Introduction

On the one hand, printing with reactive material is more complex, especially if several parts have to be mixed. On the other hand, this mixing allows for plenty of unique compositions which give the operators control over the desired characteristics.

The material I printed with during this project was a three-part polyurethane provided by the Canada based company, Amathane Inc. Each part of this set was liquid. One part was a polyurethane resin while the other two parts were hardener resins, respectively.

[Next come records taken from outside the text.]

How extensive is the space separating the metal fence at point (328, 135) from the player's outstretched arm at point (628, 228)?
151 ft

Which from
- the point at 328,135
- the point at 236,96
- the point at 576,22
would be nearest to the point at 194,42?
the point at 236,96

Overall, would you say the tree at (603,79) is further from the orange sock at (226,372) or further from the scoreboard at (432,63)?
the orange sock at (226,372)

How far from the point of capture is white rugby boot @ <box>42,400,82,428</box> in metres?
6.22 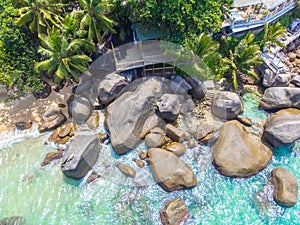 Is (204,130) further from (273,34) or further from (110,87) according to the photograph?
(273,34)

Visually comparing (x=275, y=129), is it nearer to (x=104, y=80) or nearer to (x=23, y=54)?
(x=104, y=80)

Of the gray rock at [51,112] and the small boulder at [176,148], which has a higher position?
the gray rock at [51,112]

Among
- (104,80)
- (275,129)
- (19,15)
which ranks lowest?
(275,129)

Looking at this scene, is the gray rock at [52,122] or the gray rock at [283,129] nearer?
the gray rock at [283,129]

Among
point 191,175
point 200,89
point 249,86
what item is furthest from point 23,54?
point 249,86

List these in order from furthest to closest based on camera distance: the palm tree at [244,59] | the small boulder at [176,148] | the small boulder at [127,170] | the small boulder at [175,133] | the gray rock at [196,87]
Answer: the gray rock at [196,87]
the palm tree at [244,59]
the small boulder at [175,133]
the small boulder at [176,148]
the small boulder at [127,170]

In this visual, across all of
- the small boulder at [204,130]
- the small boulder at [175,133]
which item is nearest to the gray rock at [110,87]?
the small boulder at [175,133]

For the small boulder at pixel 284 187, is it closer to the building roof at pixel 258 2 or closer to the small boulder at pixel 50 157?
the building roof at pixel 258 2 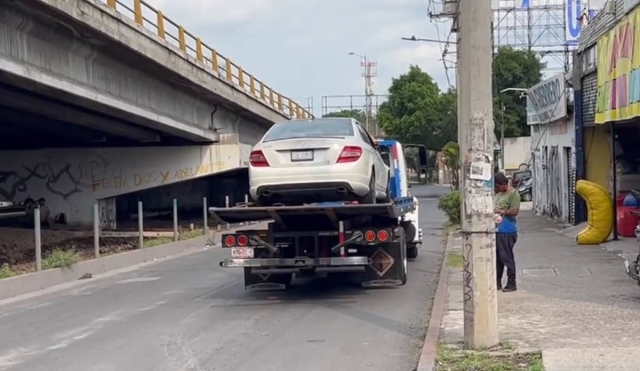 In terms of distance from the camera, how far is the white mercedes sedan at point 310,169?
13703 mm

Polyurethane resin cures while exposed to the atmosphere, similar to silicone. However, by mixing the resin with a hardener resin, the curing time and mechanical properties of the finished product could be influenced. Along with the material itself, Amathane also provided sheets with various characteristics of different compositions which were necessary to predict the curing timelines I was working with.

Approach

The first step in this project was to determine the general characteristics of each part.

Poly printing 2.jpg

The most relevant property which I had to think about was the viscosity in order to choose a suitable nozzle size. To do this, I filled syringes with each part, mounted different nozzles onto the syringes and dispensed the material by hand.

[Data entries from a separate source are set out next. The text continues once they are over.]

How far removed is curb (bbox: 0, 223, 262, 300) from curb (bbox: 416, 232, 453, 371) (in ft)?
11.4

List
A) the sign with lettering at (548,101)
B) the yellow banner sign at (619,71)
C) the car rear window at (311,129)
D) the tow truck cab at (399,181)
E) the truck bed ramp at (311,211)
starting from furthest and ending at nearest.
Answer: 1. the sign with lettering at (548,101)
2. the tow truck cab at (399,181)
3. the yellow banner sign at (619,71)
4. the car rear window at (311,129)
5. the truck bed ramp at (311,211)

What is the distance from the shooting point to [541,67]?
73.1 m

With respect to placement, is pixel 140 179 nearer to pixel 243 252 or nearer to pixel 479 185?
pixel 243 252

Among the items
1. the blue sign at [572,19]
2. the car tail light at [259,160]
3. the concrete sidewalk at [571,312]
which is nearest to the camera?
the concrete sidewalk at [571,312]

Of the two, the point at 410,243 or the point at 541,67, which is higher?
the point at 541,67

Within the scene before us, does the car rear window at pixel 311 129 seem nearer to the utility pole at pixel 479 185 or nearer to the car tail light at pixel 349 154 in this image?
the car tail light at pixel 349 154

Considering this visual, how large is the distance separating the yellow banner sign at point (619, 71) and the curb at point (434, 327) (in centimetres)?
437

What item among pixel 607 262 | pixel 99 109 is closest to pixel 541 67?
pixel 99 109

The flow characteristic I was looking for was a continuous flow instead of individually dispensed drops. Ideally, the flow would have been initiated as soon as minimal pressure was applied to the syringe, and it would have stopped as soon as no additional pressure was applied.

However, the reality was that this behavior could be tested, but the flow characteristics were not consistent. The frequency of dispensed drops increased until a continuous extrusion was achieved. If no further pressure was applied, the continuous flow transitioned back to individual drops with a decrease in frequency.

Another important consideration pertains to the mixing of the individual parts. One option would be the curing rate if the resin and hardener mixture was stirred and distributed across the surface similar to a layer. Alternately, a few drops of hardener could be deposited onto a pool of the resin.

Three different approaches were taken for this project:

1.     Different parts of the material were extruded separately, on top of each other, thus starting the curing reaction after dispensing the material

2.     The different parts were mixed inside the syringe prior to the extrusion

3.     Different parts were mixed shortly before the extrusion by using an adapter that joins the two tubes before the nozzle

I will describe the details and outcome of each approach individually.

 

FIRST APPROACH: Separate extrusion

Choice of mixture composition and setup

For the first set of experiments, I extruded the polyurethane and the hardener separately. This meant I could only extrude two parts since I could only mount two nozzles to the 3D printer. This caused two restrictions for the composition. First, I had to choose the composition that allowed me to use only one hardener. Second, I had to choose the composition that cured the fastest. The fast curing was necessary to generate a three dimensional structure. Ideally, each deposited layer would cure shortly after the extrusion and thus provide a base for the next layer.

poly printing 3.jpg

The two nozzles were aligned on the y-axis, but featured an offset on the x-axis. As a result, the non-stop extrusion of at least droplets of material caused either an overlap or a deposit outside of the print layout. Since both nozzles were aligned on the y-axis, there were no additional lines to the print-layout-lines in this direction. Instead, these lines had excess material because both nozzles were constantly depositing. On the x-axis however, there were additional lines due to the offset. On the one side an additional resin-only line was generated, and an additional hardener-only line formed on the other side.

The deviation from the printing layout can be seen in the video below. The progression of the printing path was along a square and the deviation was a result of the nozzle offset. 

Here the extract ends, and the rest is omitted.